Thanks to sucito.eth a talented Honduran web illustrator, for the great work.
(Click image for interactive version, or link here, PDF download here)
The map merges the "new cities" ecosystem driven by the work of The Seasteading Institute and the Charter Cities Institute, with the "network state" movement spawned by Balaji Srinivasan’s book that’s attracting crypto/tech communities.
This is a one-snapshot view of this emerging ecosystem that aims to disrupt the largest industry in the world: the governance layer of civilization.
These are startups that transform some layer of the civic or governance stack, ranging from social and legal technologies to innovation in architecture.
To set context again (see previous posts for more):
It’s necessarily reductionist (many of these projects are more complex)
Startup cities are jurisdiction-first, network states are community-first; but they both aim for both physical jurisdiction and in-person community living
Co-living projects aren’t aiming for jurisdictional autonomy, they’re innovating in an area where they can work from legal systems in existing jurisdictions
The primary intention of the distinctions and the map above was to make clear this isn’t an “online-only” space or far into a utopian future, which is a common false impression.

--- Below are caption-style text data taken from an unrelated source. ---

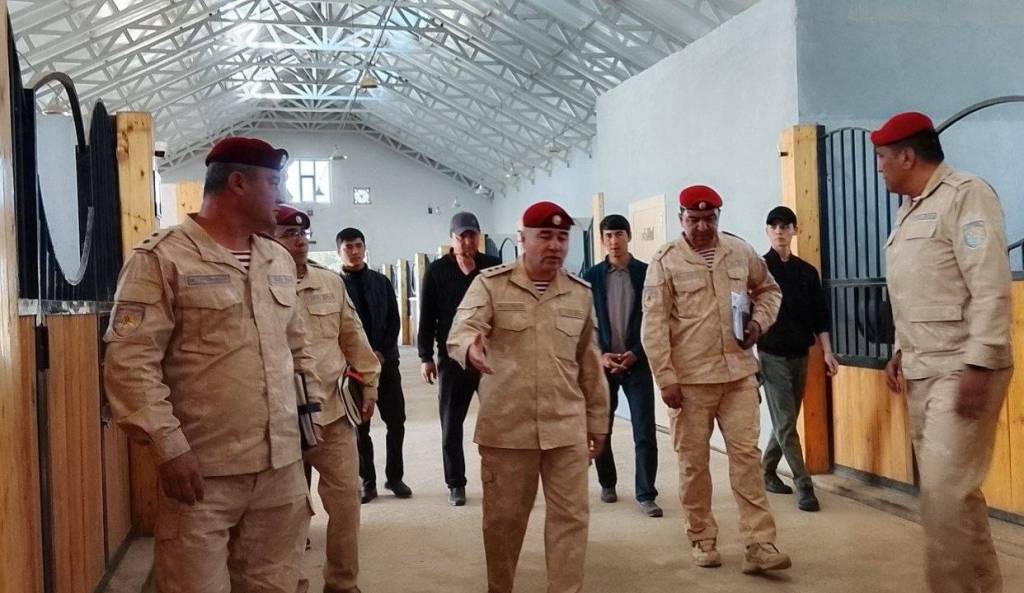 Қорабайир отлари мактабида янги отхона лойиҳаси муҳокама қилинди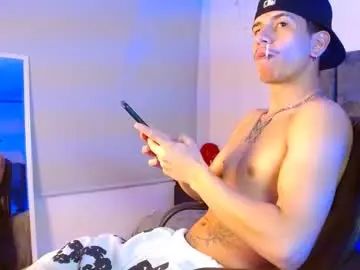Gay sex chat with dj__bigd - camgaychat.com - Britain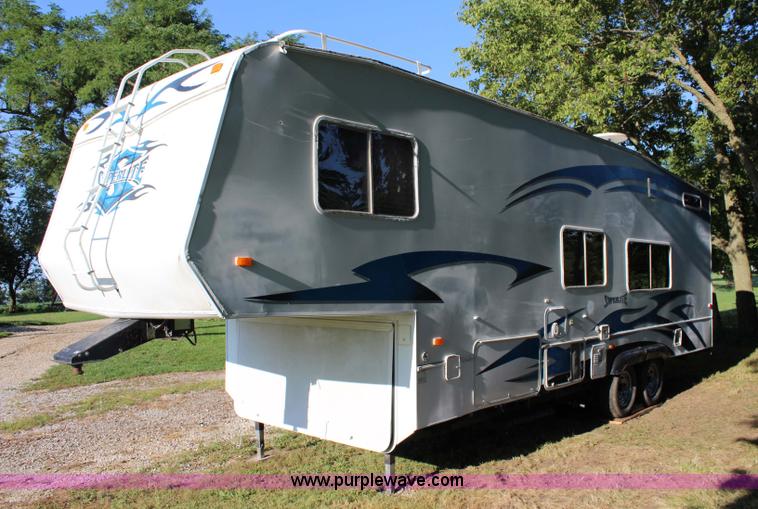 image for item J3553 2009 Superlite Weekend Warrior 2805 camper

There are real projects with physical jurisdiction, and 100s residents.
It seems to me this is increasingly becoming clear to people, so in future iterations of the map there might be space for a different kind of nuance.

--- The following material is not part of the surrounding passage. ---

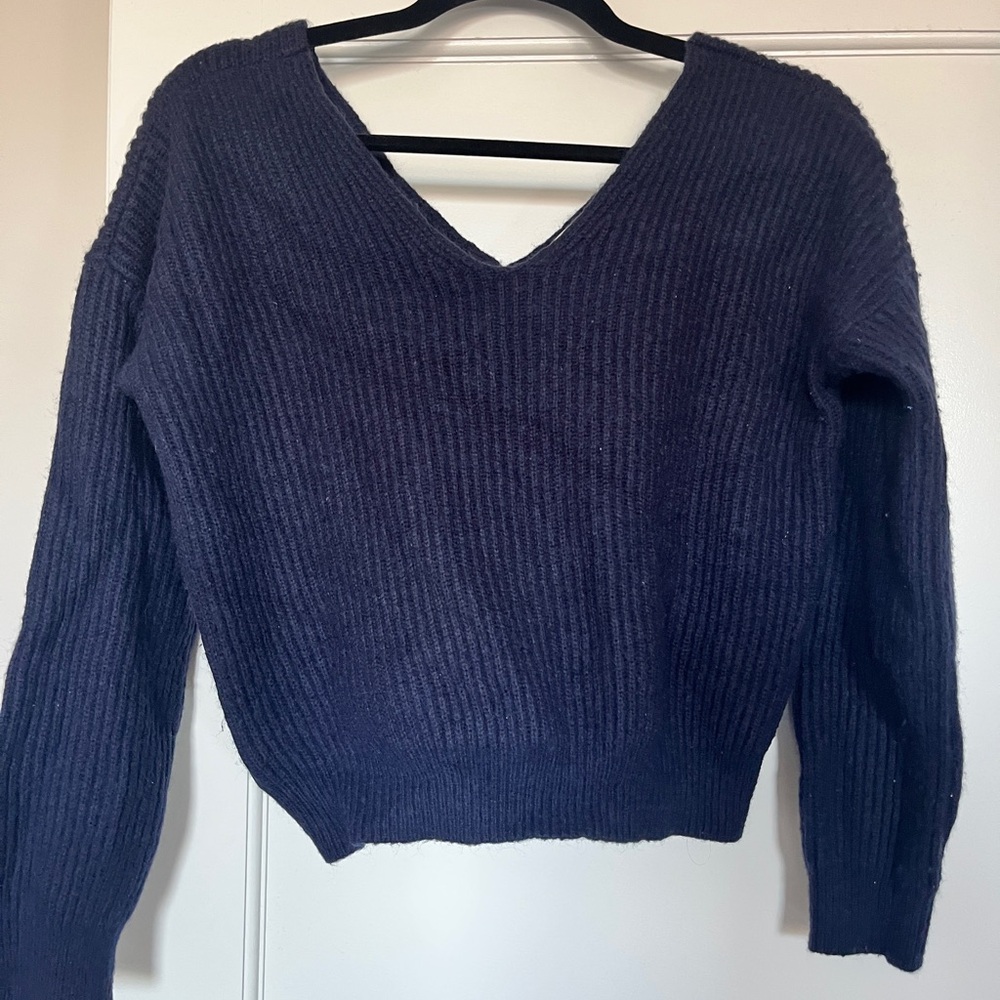 Angel Of The North Blue V-Neck Sweater with Textured Knit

For example, it seems to me there’ll be two kinds of “network society” strategies regardless of community-first or jurisdiction-first:
The vertical network society: Prospera or Itana fall under this - they build a full-stack jurisdiction with land, laws and real estate.

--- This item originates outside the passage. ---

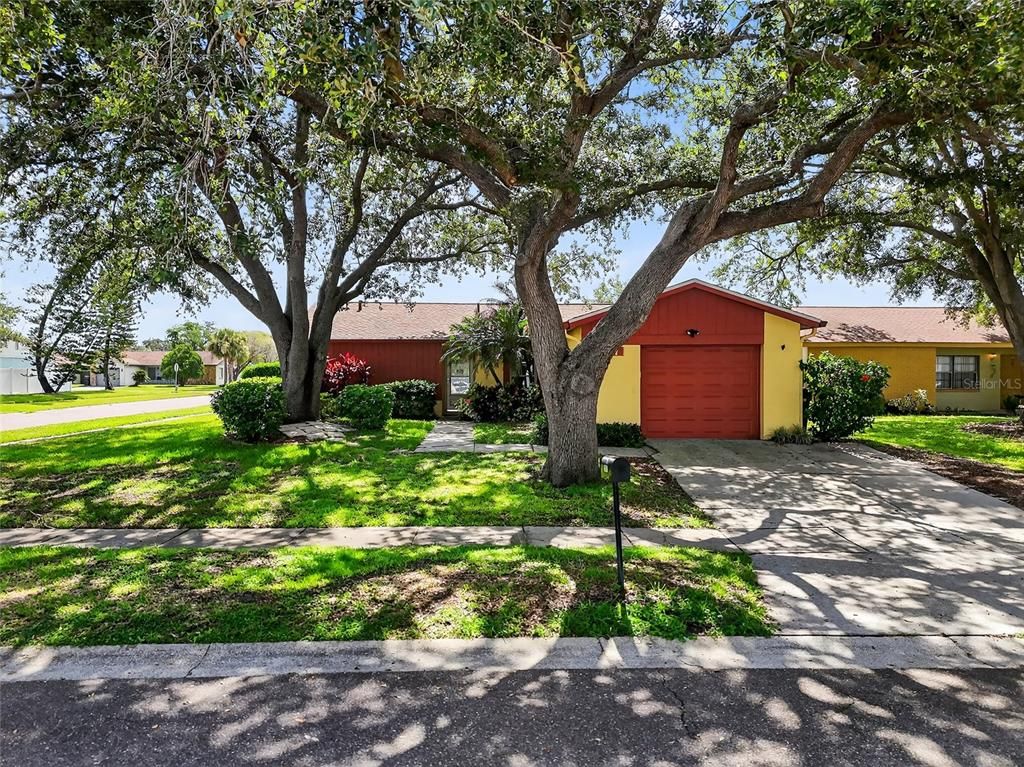 907 OLD FIELD DRIVE, Brandon, FL 33511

The horizontal network society: Cabin or Vitalia (co-founded by me) fall under these build an industry or city “districts” but not the full-stack
If you want to be vertical, you need to get good at government negotiations, legal & formal governance, real estate, a lot of traditional stuff.
If you want to be horizontal, you need to get good in a specific industry or technological development (e.g. biotech).
It’s hard to become good at both, as these are functionally and culturally very different types of organisations you need to build.